If anything is certain this election season, it’s that everything is uncertain. Should the strong economy continue and nothing too crazy happens, it’s conceivable that Republicans could hang onto the executive, the Senate, and even regain the House. President Trump will be on the ballot in all those districts Democrats swiped from Republicans, and now they’ll also have their own record, or lack thereof (impeachment, anyone?), upon which to run. The Senate will come down to a few key races in Maine, Arizona, Colorado, and North Carolina, but Democrats will have to win them all in order to gain the four seats needed to gain control (three if they win the presidency). And Trump is coming off what even HBO host Bill Maher called “his best week ever” following his Senate impeachment acquittal and widely acclaimed State of the Union address.

None of the three tasks - holding onto the executive and Senate and retaking the House - will be easy, but all are doable.
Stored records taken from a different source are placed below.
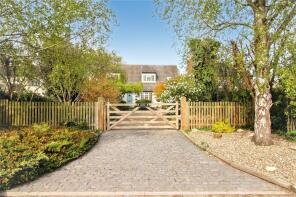 Gilead Cottage, Threadneedle Street, Norwich NR15 1BJ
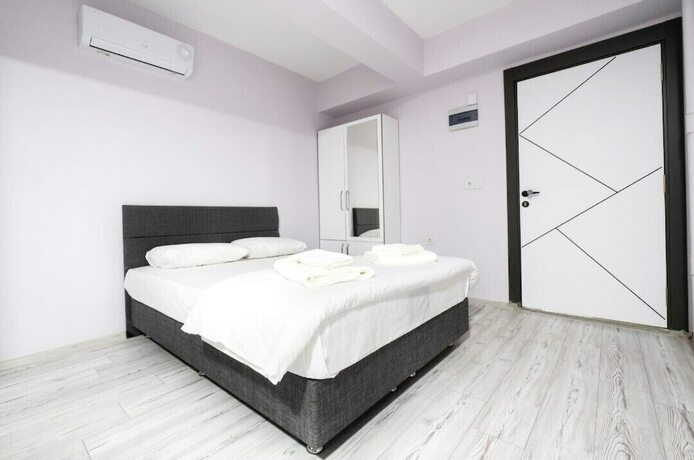 Imagen de la habitación del New Blue Izmir Bornova Hotel. Foto 10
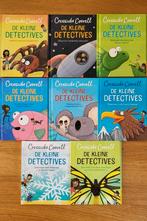 Boekjes McDonalds - De kleine detectives, Boeken, Kinderboeken | Jeugd | onder 10 jaar, Ophalen of Verzenden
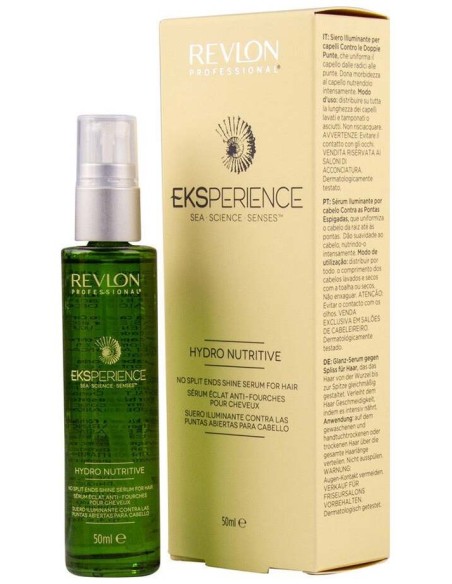 Revlon Eksperience Hydro Nutritive Serum Anti Horquetillas 50Ml
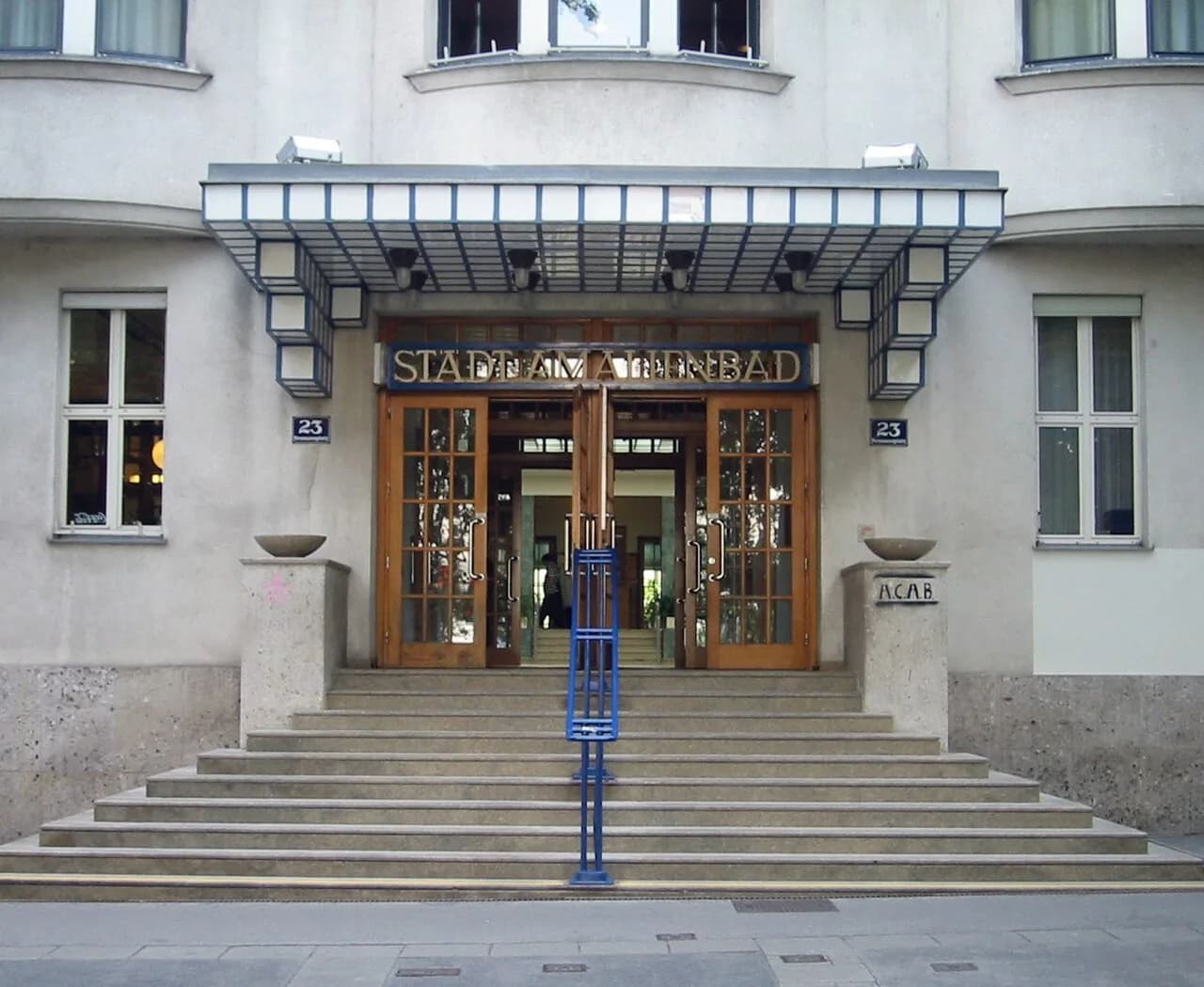 Saunas in Vienna: Hotel Spas, Banyas and How Sessions Work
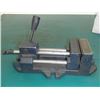 Image 2 : Drill Press Vise, Opens to 4.5"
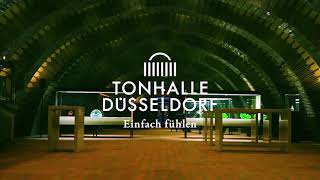 A.Schnittke: &quot;Waltz&quot; in Tonhalle Düsseldorf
It’s also conceivable that Democrats could sweep everything. They have the numbers, and if their turnout exceeds our turnout in the right places they win, pure and simple.

However, the most probable scenario is that, whoever assumes the presidency in 2021, government will remain divided. If Trump does manage to win a second term in office this November, he will likely face at least one legislative branch controlled by Democrats. If that branch is the Senate, good luck getting any judges or appointees confirmed. If it’s the House, Trump won’t be able to sneeze without Adam Schiff calling for an impeachment inquiry. If it’s both, God help him.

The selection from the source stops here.